Yep. At least that's what Microsoft and IBM use the term "cluster" for
(with exceptions like HPC, of course).

There may be many motivations for using server farms. Complex workloads tend to destabilize Windows over time, so farms become a means of managing that problem.

This is exactly the kind of FUD that doesn't help anyone.

Server farms are a way to scale CPU or static IO intensive workload
horizontally, while still providing redundancy. This is a very good
approach for web applications, as it keeps the cost low and provides
very high performance. It is unsuitable for OLTP workloads, and never
used there.

I'd rather deploy applications to IBM i libraries, and maybe to an additional mirrored server, and be done with it.

The architecture used to deploy an application should depend on what
exactly you want to deploy.

Imagine you want to run facebook: You'll needs lots of static
bandwidth for images and such, and lots of processing power for
rendering customized pages for each of the thousands of concurrent
users, located all across the globe.

Even if you have a 64 socket 595, you'll run out of CPU juice soon
enough. And if you need to apply PTFs, facebook will be down. So
you'll need two fully loaded 595, and they still won't be enough.
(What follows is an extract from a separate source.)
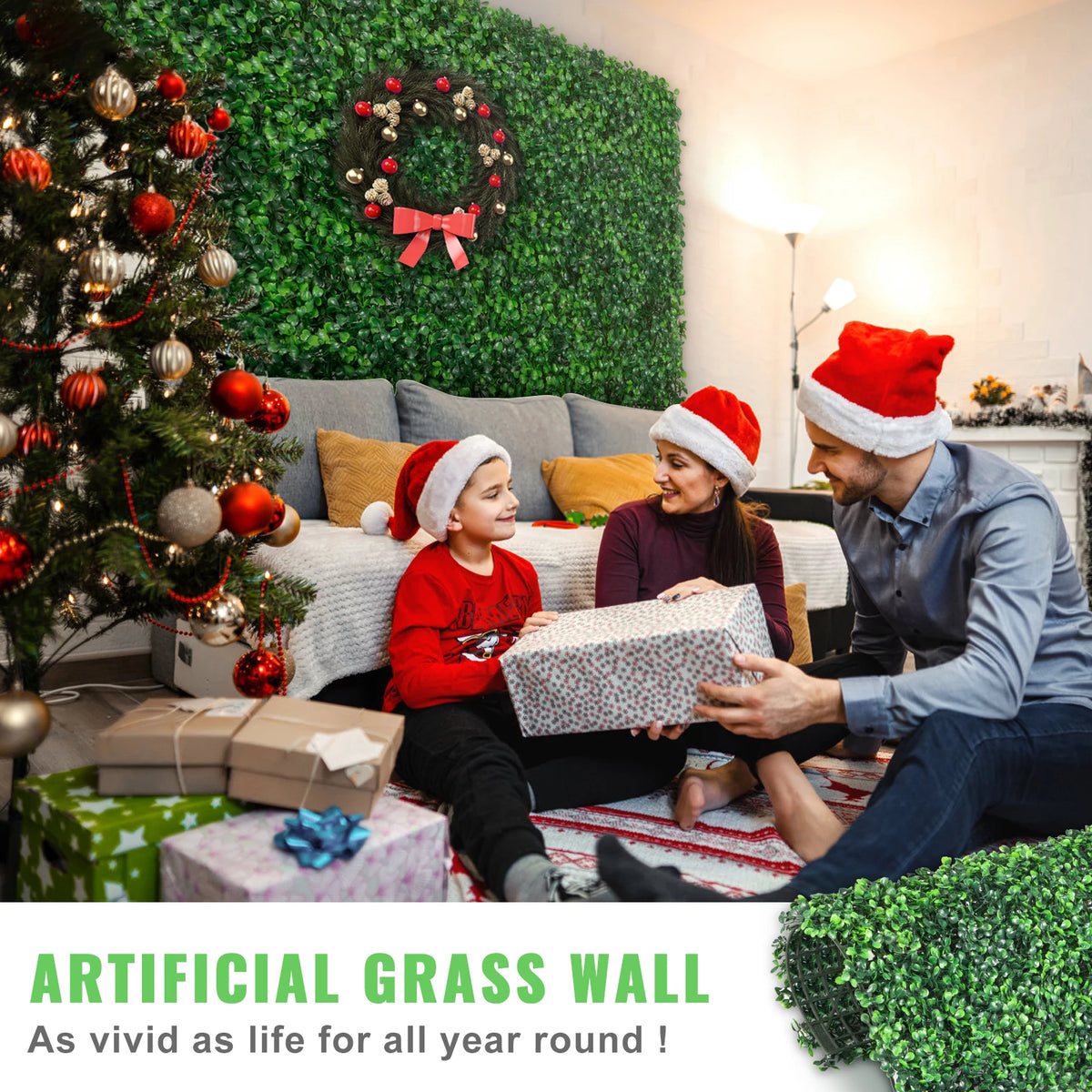 SucceBuy Artificial Boxwood Panels For Walls And Private Garden Screens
A better approach would be to use a central DB server (e.G. a
redundant pair of 570) frontended by lots of 520s running the
application.

Things change when you want to run an ERP application, which is very
OLTP heavy. Then, a redundant pair of 595 might make more sense.

The key is to use the right approach for the unique problem your
business is facing - running Facebook is massively different from
running an ERP application.

These key concepts don't even shift much even if you switch platforms
- if you want to run an OLTP heavy ERP on Windows, you're much better
of purchasing an IBM x3950 which can help you scale Windows to up to
96 cores (4 chassis at 4 sockets with 6 cores each).

http://www-03.ibm.com/systems/x/hardware/enterprise/x3950m2/index.html

This that remind you of anything? The general concept behind the x3950
is almost the same as the one used for the Power 570.